Женя - Володина противоположность. Его профиль напоминает полумесяц из детских книжек: длинное лицо, выступающий подбородок. Кожа розовая в синеву и очень светлые, будто разбавленные, глаза. Ресниц нет, почти одни розовые веки. Лицо бритое. Бородой Женя, видимо, обрастает на промысле. Говорит медленно, твёрдо и как-то неповоротливо, будто не помещается со своими представлениями, основательными и как балка гудкими - пока-а-а занесёшь в разговор и пристроишь. Поэтому вставляет "не перебивай" и "я грю". Всё здоровенное называет очень сочно и одобрительно "дур-рак". Смеётся раскатисто, дробно, смех нарубает на крупные пятаки.
Слава - большой любитель тайги. Он недавно переехал из города, где долго работал на заводе. Отличается и от Володи, и от Евгения: более ухоженный, выбритый, с подстриженными в косой мысок височками и чёлкой. Крепкий, в спортивной ветровке. Синеглазый. Лицо правильное, немного стальное, чуть вытянутое и рельефное. Говорит сдержанно, к мужикам иногда обращается по имени-отчеству. Ощущение, что он и подпитывается от них, и немного другими глазами заставляет смотреть.
- Да мохнорылые и мохнорылые… - продолжал Женя то, на чём прервала его моя посадка. - Нормальное слово.
- Да ничо не нормальное! Перестань ты… - громко говорил Володя, раздражённо морща лицо и озирая других, убеждаясь, что все согласны. С Женей он говорил так, будто наперёд знал всё, что тот скажет, и это и раздражало, и забавило: - Ничо не нормальное. Людей уважать надо. Я так не говорю. И он не скажет, - Володя тыкнул на Славу. - Сергей, будешь? За знакомство.
Он достал из кармана в спинке сиденья початую бутылку, забытую в пылу спора. Сделано это было ради меня, и никто особо не отозвался. Женя снова сказал, вложил двутавровую балку:
- А за что я их уважать должен? Я грю, мой дед всю войну прошёл, а эти… сычи в лесах отсиживались.

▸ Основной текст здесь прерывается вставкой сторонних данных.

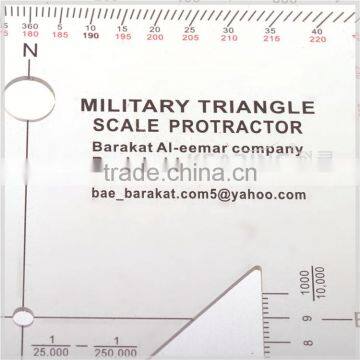 Kearing Durable Plastic Square Military Scale Protractor 1: 25000 & 1: 50000 # KMP-4 photo-3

- "Сычи", - засмеялся Слава, его несколько раз прямо сотрясло, и он покачал головой.
Слово "сычи" Женя произнёс очень смешно, выпятив губы, отчётливо выделив "ч" и округлив глаза.
- Да тебе всё не так… - сказал Володя, сморщившись и обращаясь больше ко мне. - Ну вы чо? Давайте, вас не переслушаешь, вон человек… - Движения у него были быстрые, как у хищной птицы.
Слава, доставая железные рюмки из кожаного бочоночка, добавил:
- Конечно, неуважение.
Женя не торопясь достал большой пакет с салом и с пластмассовыми ванночками, в одной из которых лежали пельмени, а в другой - золотистые копчёные тугуны.
- Нож где, Володя?
- Да ищу, здесь лежал. Обожди… - Володя зашарил в багажнике, где подпрыгивали на кочках и гремели канистры.
- Маленького дурака потерял! - подмигнул Женя Серёже, и засмеялся негромко, но очень основательно, неторопливо, дробно - так что промежутки между кусочками смеха были очень большими. Улыбка широкая, зубы крупные, ровные и белые. И Володя, и Женя, знавшие друг друга наизусть, больше ко мне взывали, как к свежему слушателю, и сами себе казались новее, препираясь через меня.
Нашедшийся нож был действительно огромным. Женя на крышке от ванночки некоторое время очень основательно резал сало и луковицу. Матвей остановился у обочины и сидел в полной недвижности, учитывая медленность Жени и словно добавляя ещё слой капитальности.